I'm in need a serious help! I'm a big perfectionist and I am trying to come up with ideas for our chicken coop. I have a few sketch ups of what I want but I just can't settle. We have 10 3 week old chicks and the time is coming when they need to go outside and enjoy the outdoor world, but I want to make the perfect coop that I and everyone will be proud to look at. I love getting ideas from other people, tips on what to expect and what has happened to them, stuff like that. I am thinking that I want a run along with the coop. But I don't want to break the bank on building our coop and run. I know it's a hard task to do because nothing is cheap. However, I know it can be cost-efficient when having the right mindset and planning. Sorry, I like to overdue it. But what I need help with is what type of wood should I use? My yard is at a slope and I do not intend to flatten it so I think posts to keep the coop above ground. But how would I do so? And for the framework? I want a 6-7ft tall coop 7ft long and 6ft wide. Then be able to build a run off of the back side. It's work but I love doing it, especially so that our chickens will be happy and be bountiful with eggs. 

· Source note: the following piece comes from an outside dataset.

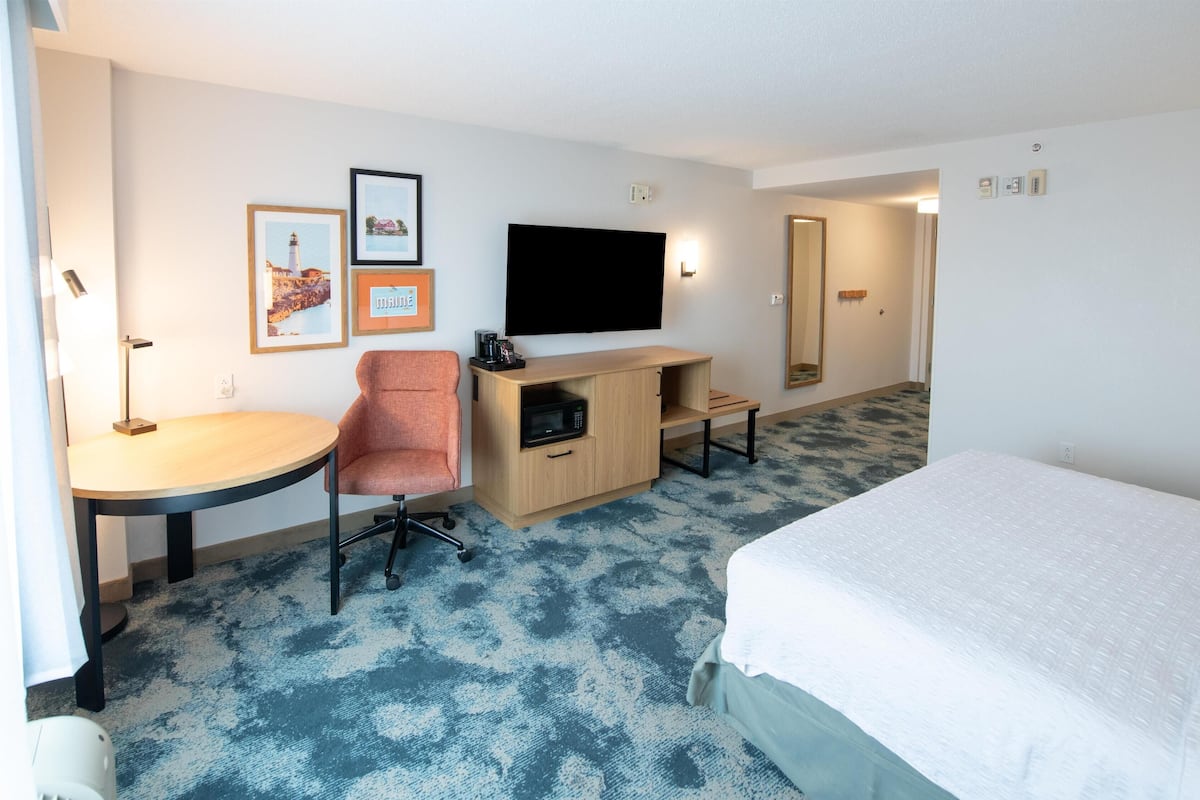 Room, 1 King Bed, Accessible (Roll-In Shower) | Hypo-allergenic bedding available, desk, laptop workspace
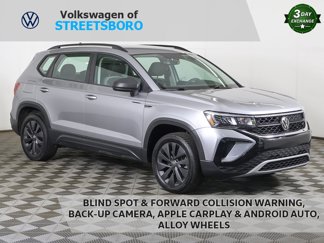 Used 2023 Volkswagen Taos S image 1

Sent from my iPad using Chicken Forum


----------



## Apyl (Jun 20, 2012)

What works for one person doesnt always work for others. Check out the "Photos" tab and all the houses/coops entered. There is a great variety and surely something will give you an idea of what your looking for. Just remember each bird needs 4 sq ft of floor space (10 sq ft each in the run if you don't free range), and chicken math is a real thing. With only having a 7x6 coop that only gives good space for 10 birds , any more than that and there could be issues.


----------



## CluckinGolfer0513 (Mar 27, 2014)

Yeah I know about the space and how funny chickens are. Haha thank you for guiding me to some pictures. But we have bantams so I am not sure the space needed if there is a difference so I went with the thought of a 7x6 floor space so it wouldn't over power our backyard. We will let them roam but i would like to have the run just so they don't tear up the yard. I plan to let them out once or twice a week to free roam and the other time they will be in the run. 


Clucking along to the 19th hole.


----------